Solved – Initial values for logistic regression using maximum likelihood

logisticmaximum likelihoodr

I'm trying to calculate logistic regression coefficients by defining the log-likelihood function and using maximum likelihood.

In some cases when the initial (start) values I gave to the maximum likelihood were not correct I got wrong results for the logistic regression (different from the ones I get when using glm for example).

Given the input data and y values, what should be the optimum initial values for logistic regression (or, in other words, what are the values that are being used in glm)?

Best Answer

I believe there exists no optimum initial value. As stated by user10525, the value β=0 works well and is the default choice for glm.

In order to check what's going on with glm I would follow the basic steps:

  1. Try to change the number of iterations in the Newton-Raphson algorithm in glm adding control=glm.control(maxit=Y), where Y is the number of desired iterations. I would even begin with Y=1 to check stability of the algorithm at β=0.
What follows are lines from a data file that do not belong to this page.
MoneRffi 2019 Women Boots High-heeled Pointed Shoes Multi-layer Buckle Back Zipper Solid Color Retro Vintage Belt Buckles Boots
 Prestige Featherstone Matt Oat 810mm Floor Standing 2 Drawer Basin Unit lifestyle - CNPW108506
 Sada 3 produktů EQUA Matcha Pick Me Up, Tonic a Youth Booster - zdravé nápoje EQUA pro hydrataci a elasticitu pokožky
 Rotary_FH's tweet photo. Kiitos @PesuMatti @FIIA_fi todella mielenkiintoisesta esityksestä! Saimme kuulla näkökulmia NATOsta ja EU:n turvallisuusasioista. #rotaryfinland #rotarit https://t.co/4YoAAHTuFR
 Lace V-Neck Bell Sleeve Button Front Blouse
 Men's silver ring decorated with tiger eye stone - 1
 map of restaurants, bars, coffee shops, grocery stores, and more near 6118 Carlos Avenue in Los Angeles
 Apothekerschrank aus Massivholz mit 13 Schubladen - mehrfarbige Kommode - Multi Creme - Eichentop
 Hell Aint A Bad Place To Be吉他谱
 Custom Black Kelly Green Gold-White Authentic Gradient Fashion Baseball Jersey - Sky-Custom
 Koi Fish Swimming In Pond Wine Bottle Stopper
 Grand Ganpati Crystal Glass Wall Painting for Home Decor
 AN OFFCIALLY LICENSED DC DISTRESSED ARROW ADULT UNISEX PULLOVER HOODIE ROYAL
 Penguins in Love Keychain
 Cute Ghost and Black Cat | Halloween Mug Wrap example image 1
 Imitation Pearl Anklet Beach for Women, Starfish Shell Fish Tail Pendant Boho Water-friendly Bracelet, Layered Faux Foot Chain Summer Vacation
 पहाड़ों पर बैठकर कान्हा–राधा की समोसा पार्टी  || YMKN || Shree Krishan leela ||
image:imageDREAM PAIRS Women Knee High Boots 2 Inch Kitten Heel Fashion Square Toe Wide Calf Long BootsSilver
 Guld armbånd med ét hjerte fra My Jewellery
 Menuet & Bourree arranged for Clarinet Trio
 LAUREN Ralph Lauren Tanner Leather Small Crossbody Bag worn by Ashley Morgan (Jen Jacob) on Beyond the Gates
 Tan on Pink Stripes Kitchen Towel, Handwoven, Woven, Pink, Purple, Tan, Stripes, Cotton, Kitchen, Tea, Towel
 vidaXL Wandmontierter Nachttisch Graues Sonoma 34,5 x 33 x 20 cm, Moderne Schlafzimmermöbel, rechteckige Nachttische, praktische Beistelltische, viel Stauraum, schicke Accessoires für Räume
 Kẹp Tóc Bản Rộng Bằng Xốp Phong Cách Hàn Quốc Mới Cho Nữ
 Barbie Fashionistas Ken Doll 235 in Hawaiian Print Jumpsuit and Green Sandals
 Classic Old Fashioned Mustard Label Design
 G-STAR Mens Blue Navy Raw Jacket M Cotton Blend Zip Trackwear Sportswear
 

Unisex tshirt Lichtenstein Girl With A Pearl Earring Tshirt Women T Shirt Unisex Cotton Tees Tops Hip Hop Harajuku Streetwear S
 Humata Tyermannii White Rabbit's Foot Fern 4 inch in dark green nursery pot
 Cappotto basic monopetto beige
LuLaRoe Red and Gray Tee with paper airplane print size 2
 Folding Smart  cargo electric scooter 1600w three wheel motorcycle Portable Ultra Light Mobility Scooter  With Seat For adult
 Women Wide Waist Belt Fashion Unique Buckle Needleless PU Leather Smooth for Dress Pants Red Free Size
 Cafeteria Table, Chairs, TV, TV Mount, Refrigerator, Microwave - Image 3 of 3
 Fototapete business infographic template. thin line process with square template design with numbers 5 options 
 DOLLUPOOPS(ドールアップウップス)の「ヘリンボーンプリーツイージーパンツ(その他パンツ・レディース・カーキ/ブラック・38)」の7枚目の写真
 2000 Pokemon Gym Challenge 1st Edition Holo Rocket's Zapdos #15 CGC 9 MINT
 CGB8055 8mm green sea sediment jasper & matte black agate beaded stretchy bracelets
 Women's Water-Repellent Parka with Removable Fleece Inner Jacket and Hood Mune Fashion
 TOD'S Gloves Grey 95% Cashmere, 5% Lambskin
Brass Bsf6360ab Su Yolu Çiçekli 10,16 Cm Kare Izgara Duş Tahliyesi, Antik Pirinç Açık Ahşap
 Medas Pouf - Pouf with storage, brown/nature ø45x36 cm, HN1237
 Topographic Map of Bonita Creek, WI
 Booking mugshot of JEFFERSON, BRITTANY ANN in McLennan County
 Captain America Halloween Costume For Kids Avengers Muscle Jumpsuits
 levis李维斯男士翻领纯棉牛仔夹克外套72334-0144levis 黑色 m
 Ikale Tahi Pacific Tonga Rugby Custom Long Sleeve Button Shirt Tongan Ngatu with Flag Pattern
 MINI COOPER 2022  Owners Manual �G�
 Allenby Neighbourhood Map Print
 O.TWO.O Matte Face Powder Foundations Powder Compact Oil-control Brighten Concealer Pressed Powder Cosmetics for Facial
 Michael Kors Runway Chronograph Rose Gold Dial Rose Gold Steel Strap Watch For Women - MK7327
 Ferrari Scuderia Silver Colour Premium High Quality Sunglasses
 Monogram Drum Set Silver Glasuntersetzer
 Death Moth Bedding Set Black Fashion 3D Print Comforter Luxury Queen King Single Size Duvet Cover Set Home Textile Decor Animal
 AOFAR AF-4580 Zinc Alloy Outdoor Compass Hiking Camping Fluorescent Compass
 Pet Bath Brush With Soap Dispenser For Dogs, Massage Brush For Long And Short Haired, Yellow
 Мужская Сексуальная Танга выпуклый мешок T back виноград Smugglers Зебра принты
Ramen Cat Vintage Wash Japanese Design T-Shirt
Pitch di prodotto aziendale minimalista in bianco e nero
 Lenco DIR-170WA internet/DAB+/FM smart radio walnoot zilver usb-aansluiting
  2. Adding start=c(a,b,c,...) you can change the initial value in the regression. Note that the length of start must be equal to $p+1$, where $p$ denotes the number of covariates in your logistic regression.

  3. Analyse the stability of the regression for more choices of the above parameters; you could probably find at least a range of initial values corresponding to "convergent" logistic regressions for a given number of iterations.

  4. Andrew Gelman discusses a nice example of divergence of glm in presence of "bad" initial value choices in his blog: http://andrewgelman.com/2011/05/04/whassup_with_gl/

  5. Please note that glm "explodes" in presence of complete separation as the MLE does not exist: this is also something to check.

I hope this can be applied to your case.